After one particularly disturbing expression the teenager’s book flew across the room and hit Mrs. Turpin above the eye, knocking her to the floor.  By the time she’s gained her wits the girl is upon her choking the air from her lungs.

It took some effort, but eventually doctors and nurses were able to liberate Mrs. Turpin from her attacker.  The girl was sedated and sent away in an ambulance.  But, before she goes Mrs. Turpin says, “What do you have to tell me, girl?”  And the girl snarls, “Go back to hell where you came from, you old wart hog.”

Now, Mrs. Turpin knows that the girl is a lunatic and out of control.  And yet even so, the words stick.  She can’t help but feel that the whole thing happened for a reason.  She can’t help but feel like somehow its part of a message from God.

So, later at home, at the farm, she’s hosing down her pigs and railing against God.  “Why me?” she cries.  “Its no trash around here, black or white, that I haven’t given to.  And break my back to the bone every day working.  And do for the church… How exactly am I a hog?…  There was plenty of trash there (at the doctor’s office.)  It didn’t have to be me.  If you like trash better, go get yourself some.  If trash is what you wanted why didn’t you make me trash?”  She goes on and on and finally ends her rant by screaming out to God, “Who do you think you are?”

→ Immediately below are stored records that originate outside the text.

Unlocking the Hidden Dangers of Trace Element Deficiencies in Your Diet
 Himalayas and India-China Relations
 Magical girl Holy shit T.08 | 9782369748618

That’s when Mrs. Turpin sees her own version of Jacob’s ladder.  A purple streak cuts through the sky extending from the fields into the dusk and on the streak is a vast swinging bridge going “upward from the earth through a field of living fire.”  Upon the bridge were hordes of souls “rumbling” toward heaven.  “There were whole companies of white trash, clean for the first time in their lives.”  There were all sorts of undesirables: colored people, freaks, lunatics shouting and clapping and leaping like frogs.

Here’s the best part of the vision.  “And bringing up the end of the procession was a tribe of people whom she recognized at once as those who like herself had always had a little of everything and the God-given wit to use it right.  She leaned forward to observe them closer.  They were marching behind the others with great dignity, accountable as they had always been for good order and common sense and respectable behavior.  They alone were on key.  Yet she could see by their shocked and altered faces that even their virtues were being burned away.”

She was shocked to see that even what she thought was good about herself was being burned away.

In Jacob’s biblical vision he discovered that he was on holy ground.  “How awesome is this place!” Jacob exclaims.  In a way I think that that is Mrs. Turpin’s discovery as well.  She now realizes that she is not the holy ground.  But rather, she stands on it with the rest of the weeds and the wheat that are blessed to be there too.

I don’t know all it means to be saved.  There’s lots I’m looking forward to learning.  But, I think it begins here with visions like these ones and the discovery that we’re all on sacred ground.